The copy you produce must hold every record exactly, and none of the images.

++++ Information ++++

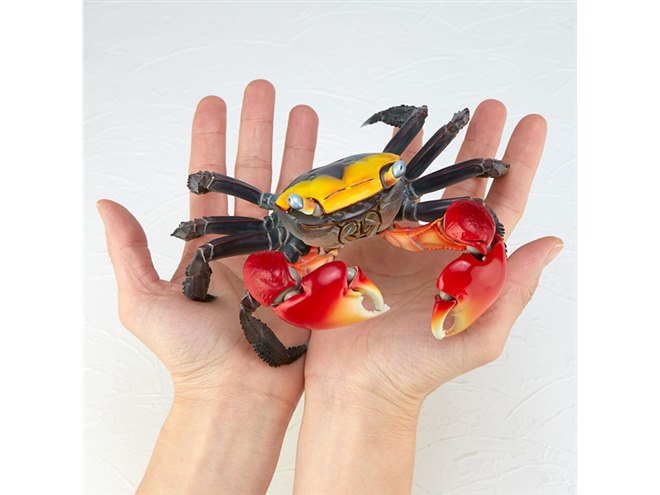 海洋堂、“実物の約2倍”で再現したフィギュア「アカテガニ」を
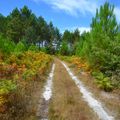 St Symphorien, Gironde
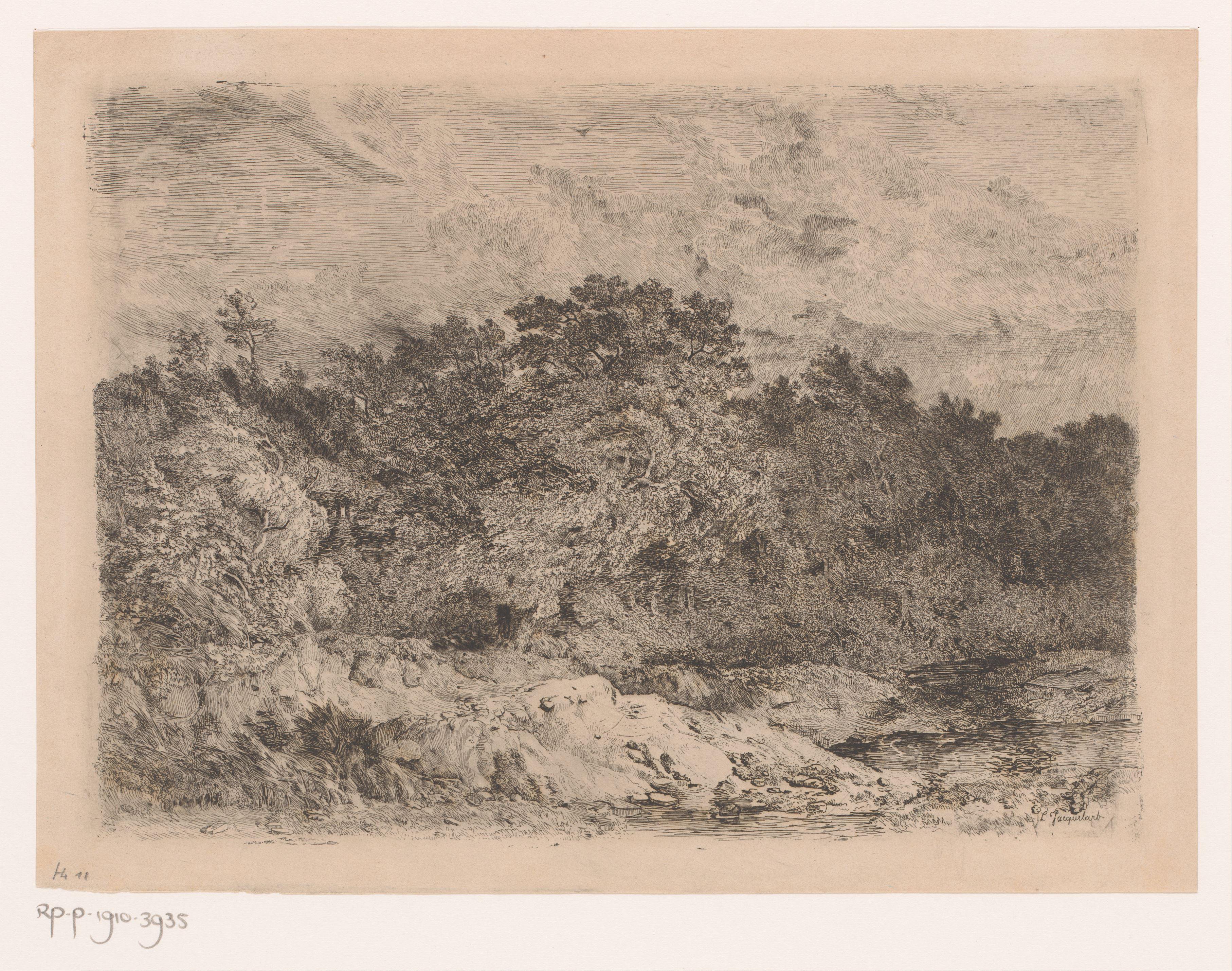 Heuvelachtig landschap met bomen in de wind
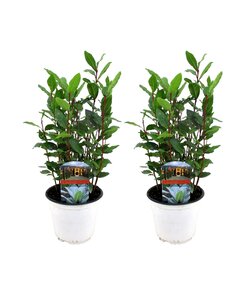 Kitchen laurel bushes - Set of 2 - Laurus Nobilis - ø14cm - Height 30-40cm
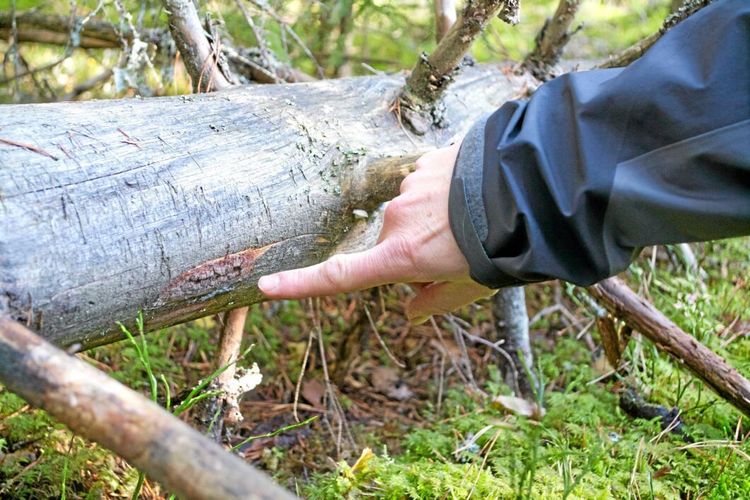 ”Kan hitta rödlistade arter var som helst”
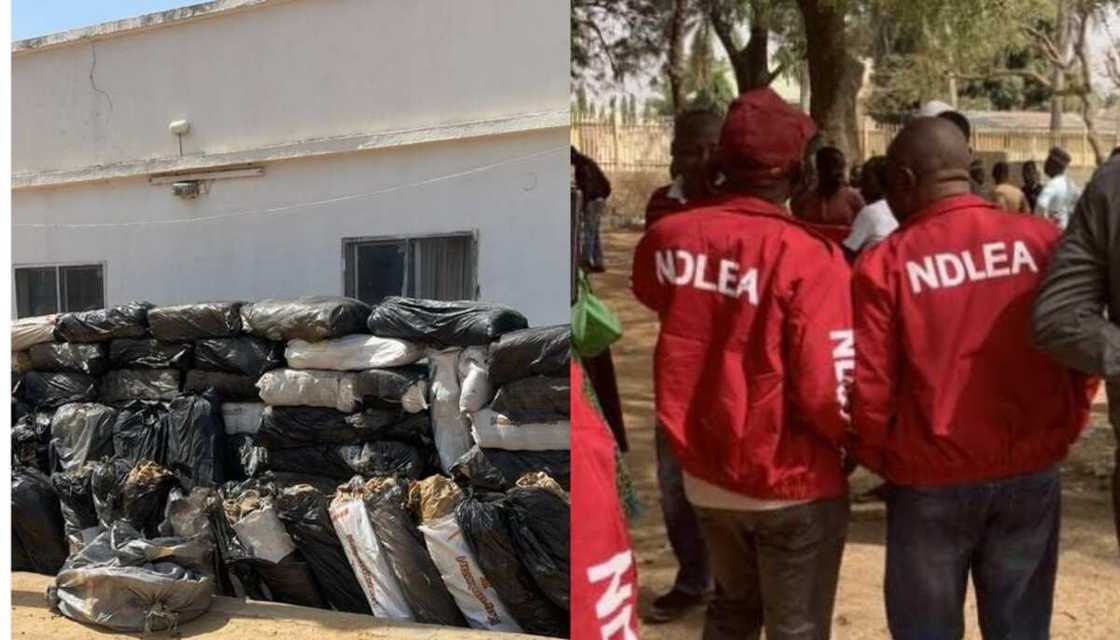 NDLEA ta kama buhunan tabar wiwi 116 a Kano NDLEA ta kama buhunan tabar wiwi 116 a Kano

++++

Exercise response
 海洋堂、“実物の約2倍”で再現したフィギュア「アカテガニ」を
 St Symphorien, Gironde
 Heuvelachtig landschap met bomen in de wind
 Kitchen laurel bushes - Set of 2 - Laurus Nobilis - ø14cm - Height 30-40cm
 ”Kan hitta rödlistade arter var som helst”
 NDLEA ta kama buhunan tabar wiwi 116 a Kano NDLEA ta kama buhunan tabar wiwi 116 a Kano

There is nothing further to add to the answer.